We cannot control our irrational thoughts. No matter how safe we are, we don’t feel it. And we know you can’t see or hear our thoughts, we don’t expect you to get it.

What we would like is some patience and understanding of it being our reality at that minute.

Things we might experience:

  1. A ‘freeze’ response – where we can’t talk, move or make decisions. We may move slowly or not at all, we lose focus and can’t keep up with conversations. Or we withdraw from participating in anything, we go quiet and want to be invisible or back in our safe zone.
  2. A ‘take action’ response – where we move fast, talk fast. We may become passive aggressive, rude, short. We lose focus and need to keep mind and body busy to keep the anxiety.
  3. A ‘refusal’ response – where we refuse to leave the house, get out of the car, enter or exit the classroom, get out of bed, go to work or school – refusing to do anything that pushes us to feel like we might break.
  4. A ‘Lets pretend’ response – We slap a smile on and do what has to be done.  Inside we are struggling with our thoughts, trying to keep our breathing normal, stop ourselves from shaking, stop anyone from seeing clues to what is really going on.
  5. A ‘meltdown’ response – Emotionally irrational, crying, screaming, shouting – we can’t tell you because we don’t understand it ourselves. We can’t breathe, we feel panicked and trapped and we need to find a way out.

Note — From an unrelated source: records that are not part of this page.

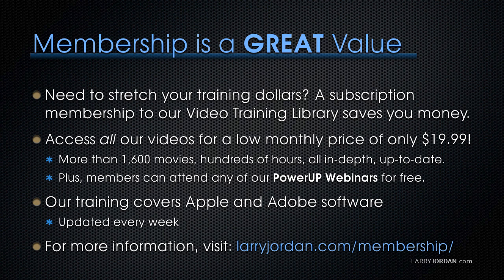Plus, members can attend any of our Power Up webinars for free. Our training covers Apple and Adobe software. We update it every week. And for more information, visit larryjordan.com/membership. And thanks.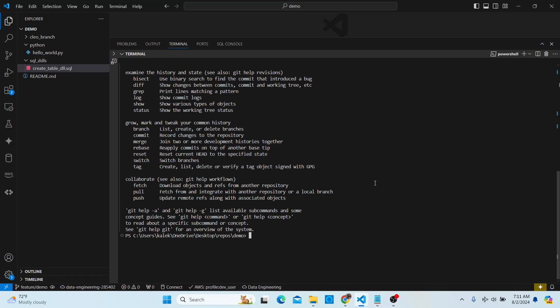In this video we will be going through the process of excluding certain files from being committed into your remote repository. Assuming you've been working on a number of files making changes in your main branch, dev branch, or feature branch, and now it's time to commit or stage these changes but you do not want to push all of the changes — you want to add some files and exclude others.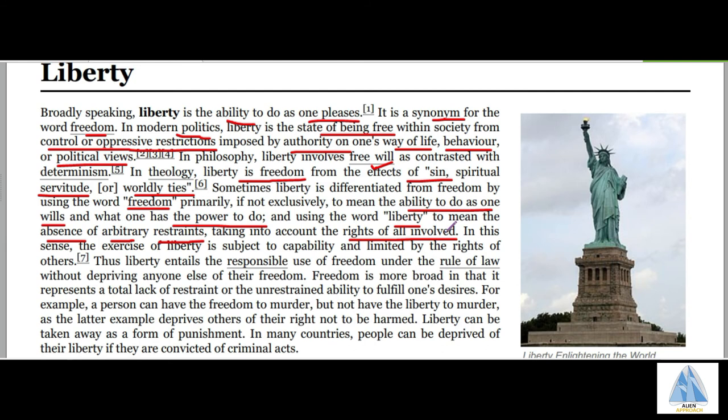For example, you have the freedom to murder, but you don't have the liberty to murder someone. Because with liberty comes the rights of all involved. So the exercise of liberty is subject to capability and limited by the rights of others.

What you can do for us in the moment

  1. Be patient – in the moment we react impulsively, we feel we have no control, but it will pass.
  2. Be there, be supportive – we can’t listen to advice or rational guidance in the moment.
  3. Keep calm – we can feel your calm, even if we don’t acknowledge it.

What we can do together after

  1. Give me space – I may need a little bit of time to de-escalate my emotional state before my body and mind calm down
  2. Lets talk about it – when the time is right, reflection is good for understanding what happened during anxiety – use the coaching model guidance below to help.
  3. Be kind to each other – It can be traumatic for everyone involved when anxiety is at its peak.